Core Machine Learning Hosting Services
1. AWS SageMaker
- SageMaker is an end-to-end service for training, monitoring, and deploying machine learning models, including REST endpoint deployment for inference.
- It features auto-scaling, built-in monitoring, and support for Jupyter notebooks, but it incurs at least a 40% cost premium over direct EC2 usage and is always-on, which can be costly for low-traffic applications.
- AWS SageMaker provides REST endpoint deployment and training analytics.
- Google Cloud offers GCP Cloud ML with similar functionality.
2. AWS Batch
- AWS Batch allows one-off batch jobs, typically for resource-intensive ML training or infrequent inference, using Docker containers.
- Batch supports spot instances for significant cost savings and automatically shuts down resources when jobs complete, reducing always-on costs.

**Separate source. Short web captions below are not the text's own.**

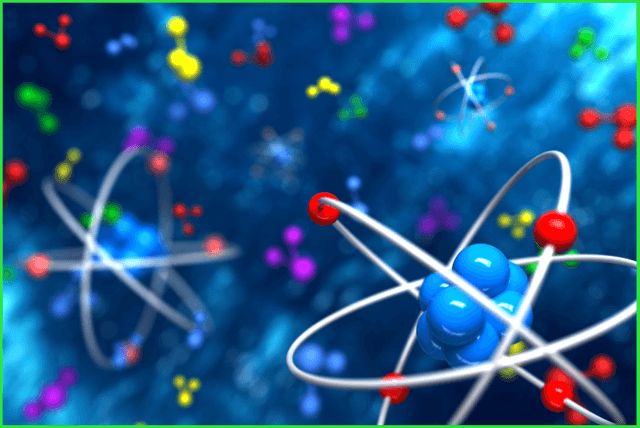 Defiant Degens: How to Farm IONX on Charged Particles
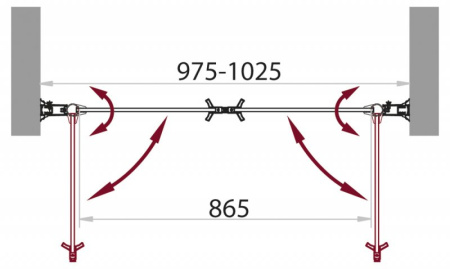 2041de39-8623-11eb-91b7-0cc47ae7d2a2000830595_original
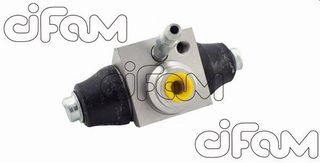 ΚΥΛΙΝΔΡΑΚΙ ΟΠΙΣ AUDI A2-80-SEAT AROSA-VW GOLF III-LUPO-PASSA CIFAM 101-598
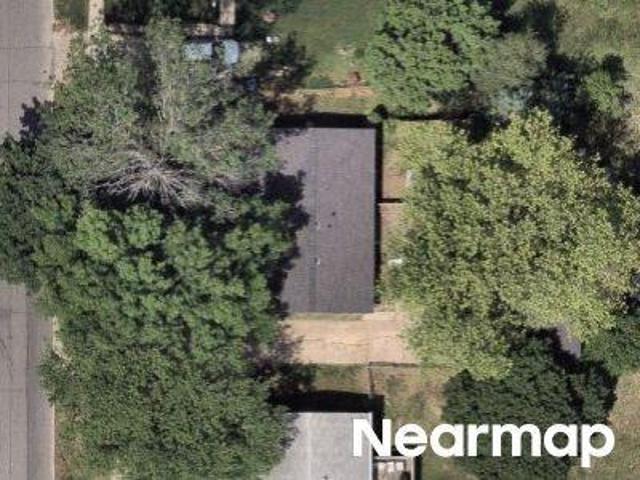 House for sale in Des Moines, Iowa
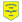 Ceglédi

- Batch jobs can be triggered via CLI, console, or programmatically, and the service does not provide automatic deployment or monitoring functionality like SageMaker.
- AWS Batch enables Docker-based batch jobs and leverages ECR for container hosting.
3. AWS Lambda
- AWS Lambda provides serverless deployment for machine learning inference, auto-scaling to meet demand, and incurs costs only during actual usage, but it does not support GPU or Elastic Inference.
- Lambda functions can utilize attached AWS EFS for storing and loading large model artifacts, which helps manage deployment size and cold start performance.
- Only models that can perform inference efficiently on CPU within Lambda’s memory and compute limits are suitable for this approach.
4. Elastic Inference and Persistent Storage
- AWS Elastic Inference enables the attachment of fractional GPU resources to EC2 or SageMaker for inference workloads, driving down costs by avoiding full GPU allocation.
- AWS EFS (Elastic File System) is used to provide persistent, shared storage for model artifacts, allowing services like Batch and Lambda to efficiently access large files without repeated downloads.
- AWS EFS allows mounting persistent file systems across services.
Model Optimization and Compatibility
- Model optimizers such as ONNX (Open Neural Network Exchange) and Intel’s OpenVINO can compress and optimize machine learning models for efficient inference, enabling CPU-only deployment with minimal loss of accuracy.
- ONNX helps convert models to a format that is interoperable across different frameworks and architectures, which supports serverless environments like Lambda.
Emerging and Alternative Providers
1. Cortex
- Cortex is an open source system that orchestrates model training, deployment, and scaling on AWS, including support for spot instances and potential for scale-to-zero, reducing costs during idle periods.
- Cortex aims to provide SageMaker-like capabilities without the additional premium and with greater flexibility over infrastructure management.
2. Other Providers
- PaperSpace Gradient and FloydHub are additional providers offering ML model training and deployment services with cost-competitive offerings versus AWS.
- PaperSpace is highlighted as significantly less expensive than SageMaker and Batch, though AWS integration and ecosystem breadth may still steer users toward AWS-native solutions.
Batch and Endpoint Model Deployment Scenarios
- If model usage is rare (e.g., 1–50 times per day), batch approaches such as AWS Batch are cost-effective, running containerized jobs as needed and then shutting down.
- For customer-facing applications requiring consistently available models, endpoint-based services like SageMaker, GCP Cloud ML, or Cortex are more appropriate.
Orchestration and Advanced Architectures
- Kubernetes and related tools can be used to orchestrate ML models and complex pipelines at scale, enabling integration of components such as API gateways, serverless functions, and scalable training and inference systems.
- Tools like KubeFlow leverage Kubernetes for deploying machine learning workloads, but require higher expertise and greater management effort.